Popular since World War II, particularly in Hawaii where it’s the national dish. That’s right, the national dish of Hawaii isn’t the silly pizza with ham and pineapple, it’s spam, the pinkest of all the pretend hams, the Barbie of luncheon meats. And for good reason too, because it’s surprisingly delicious.

Tiny little fish. So tiny, in fact, that bearded fishermen will often use them as bait to catch much bigger fish with, like a tuna (also great in a tin) or a sea bass (nice roasted). One of the great revelations of the last few years is that these titchy little fuckers aren’t even a food, they’re a seasoning. In Spain, they drape them over their famous ‘tomato bread’ to add a salty hit to offset the sweet acidity of the tomatoes.

Confit de Canard
Salted and preserved in its own fat, a good tin of confit duck can sit on a cupboard shelf for years without losing its lustre. That makes it about as good as tinned products can get. Try it with a smooth mash and some other token vegetables.

Heinz Cream of Tomato Soup
One of the much-heralded “57 Varieties” of Heinz products, but can you name the other 56? Probably not, unless you’re already familiar with Heinz Chow Chow Pickle, or Heinz Evaporated Horseradish, or Heinz Breakfast Wheat (no, thought not). But of the 57, Cream of Tomato Soup is up there with their world-famous ketchup.  

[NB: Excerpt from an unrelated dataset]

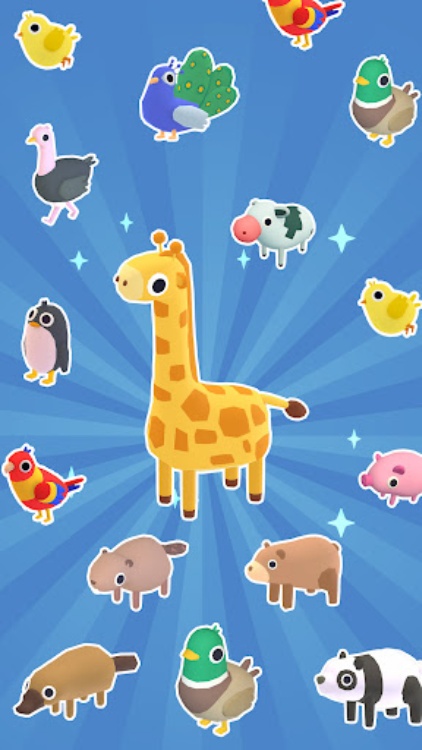 Zoo Sort 3D: Color Puzzle Game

John West Tuna Steak in Brine
John West has been a big hitting brand in the tinned fish industry since the 1800s, and is literally named after the man who invented the automated can-filling machine – at the time using it to ship tinned salmon over to the UK from Canada, while now it caters to all manner of underwater life.  

Campbell’s Cream of Chicken Soup
If I learned anything from my days as a teenage waiter serving Oxford University students in the 1990s, it’s that Warhol’s favourite brand of chicken soup can masquerade as just about anything – I’ve seen it described as ‘carbonara’, ‘cream sauce’, ‘white sauce’, and even, believe it or not, ‘chicken soup’.

Lyle’s Golden Syrup
Like all of the best culinary inventions (including our old friend coca-cola), this one was concocted by a chemist in the late 1800s. The logo’s an odd one too, finding a dead lion being visited by a swarm of bees – doffing an unexpected cap to the biblical tale of Samson – but if you can squint your way past the brutal branding, you’ll find a sensational treat worth getting sticky about, so to speak.   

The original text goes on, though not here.